My usual response to a film with mixed merits is to describe it as “…interesting”, yet, in the case of Nostalgia For The Light, that would be misleading.
Patricio Guzmán accumulated a lot of strong material - beautiful shots of the Atacama desert, mesmerising footage of telescopes tracing the sky and revealing interviews with interesting people - but the whole thing fails to coalesce into a compelling narative. A collection of good riffs that fail to make a great song.
He sets himself a difficult goal, trying to tie together vastly different explorations of the past (mainly astronomy and the political history of Chille), but doesn’t do enough to actually tie them together. All astronomy is seeing into the past, indeed, as one scientist points out, thanks to the speeds of light and consiousness, all our perceptions are of the (very recent) past. On the surface it bears little resemblence to the archeological investigations, but he sets himself the task of unifying it.

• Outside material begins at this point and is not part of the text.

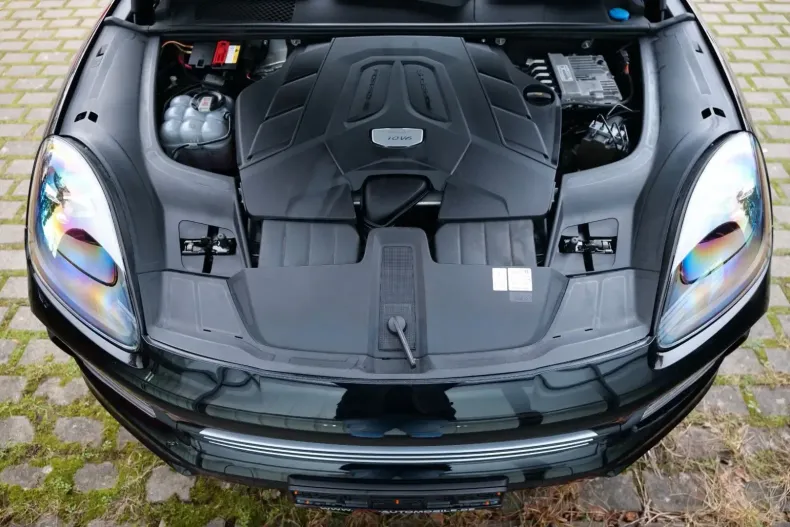 Porsche Cayenne din 2021 cu 71.140 km - oferta POR109735 - foto 29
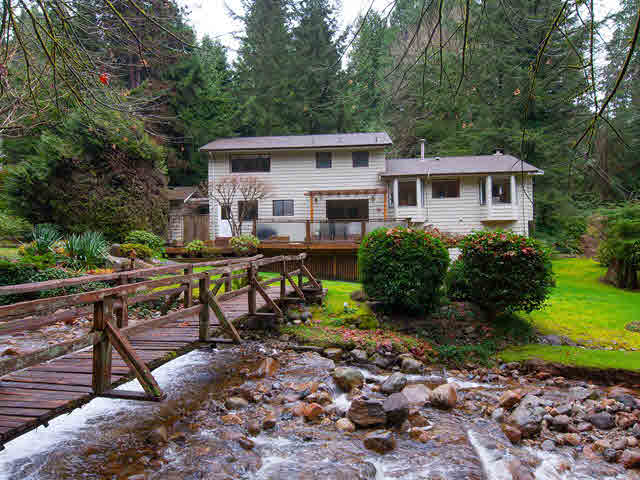 Fantastic 4 bdrm with large deck Family House (West Vancouver)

The most powerful segments of the film are the women searching the Atacama desert for the bodies of loved ones dissapeared as political prisoners. The whole desert. It’s heartbreaking.
At one point a tearful woman, who’s been searching for years, wishes there was a telescope that could see into the ground to find the bones.
At another point, an enthusiastic scientist shows evidence of calcium, the stuff of bones, in the stars.
Yet, for reasons that escape me, these two clips weren’t edited right next to each other.
The whole pace was so gentle it failed to make the points it was trying to make, it had no urgency, no power. It felt like I was supposed to be inherently interested in what he was trying to do, and that it was enough to produce a drowsy, relaxing film without really trying to make it compelling.
“I’ve got 38 years of experience, so I’m capable of making something interesting out of it all.”